Thank you for the details.

I just tested it with my SBi with TCP via RNDIS and ros2 topic hz /insnavgeod gives

average rate: 100.000
    min: 0.008s max: 0.012s std dev: 0.00041s window: 10000
average rate: 100.000
    min: 0.008s max: 0.012s std dev: 0.00041s window: 10000
average rate: 100.000
    min: 0.008s max: 0.012s std dev: 0.00041s window: 10000
average rate: 99.999
    min: 0.008s max: 0.012s std dev: 0.00041s window: 10000
average rate: 100.000
    min: 0.008s max: 0.012s std dev: 0.00041s window: 10000
average rate: 100.000
    min: 0.008s max: 0.012s std dev: 0.00041s window: 10000
average rate: 100.000
    min: 0.008s max: 0.012s std dev: 0.00041s window: 10000
average rate: 99.999
    min: 0.008s max: 0.012s std dev: 0.00040s window: 10000
average rate: 100.000
    min: 0.008s max: 0.012s std dev: 0.00040s window: 10000
average rate: 100.001
    min: 0.008s max: 0.012s std dev: 0.00040s window: 10000
average rate: 99.999
    min: 0.008s max: 0.012s std dev: 0.00040s window: 10000

with nearly all publishers activated. With a real ethernet connection max is 0.039 s which is much worse but still not as high as you are experiencing. With UDP both are within 10 +/- 2 ms.

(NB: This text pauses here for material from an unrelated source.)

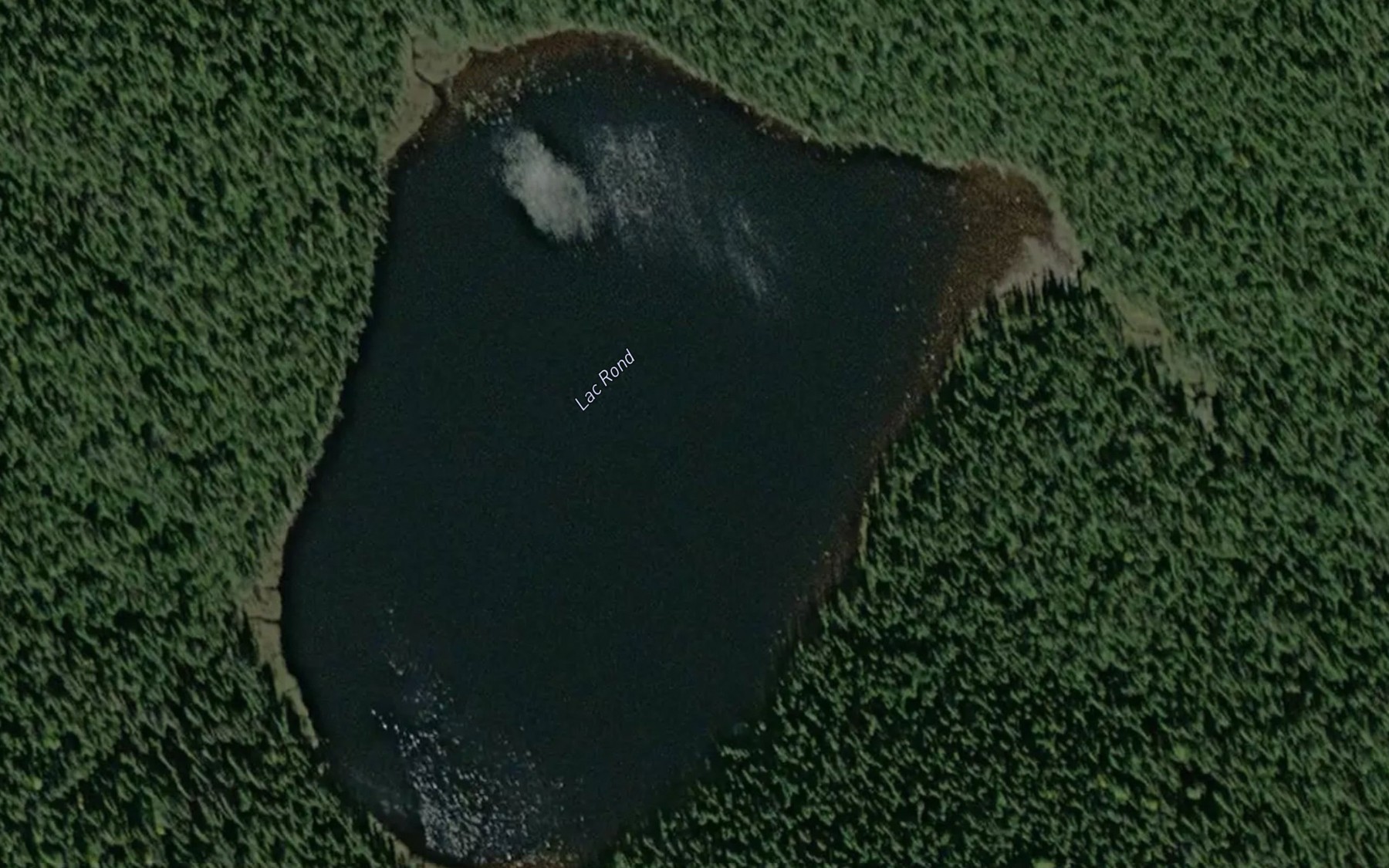 Satellite map of the Lac Rond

Since the latency jitter for TCP is much lower via RNDIS, I do not think the problem lies in the driver or ROS.

thomasemter commented 8 months ago

I have consulted with Septentrio's support and there is indeed a higher latency when using TCP via real ethernet. It is caused by the implementation in the lower level of the firmware. An improvement is being worked on, which will likely be incorporated in the next AsteRx SBi3 firmware release. For lowest latency operation it is still recommended to go with UDP.

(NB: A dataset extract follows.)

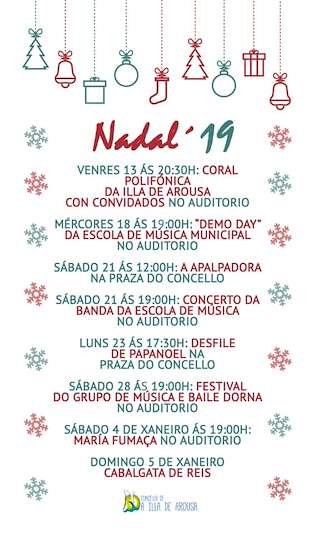 Programa de Nadal - Cabalgata de Reis en Illa de Arousa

abaeyens-imod commented 8 months ago

Great that you got in touch with their support, looking forward to the next firmware release!

We experimented with UDP several times, sometimes it works, however overall it doesn't perform sufficiently reliably, so we prefer TCP.

thomasemter commented 2 months ago

A new firmware 1.4.3 has been released, which improves the TCP/IP latency.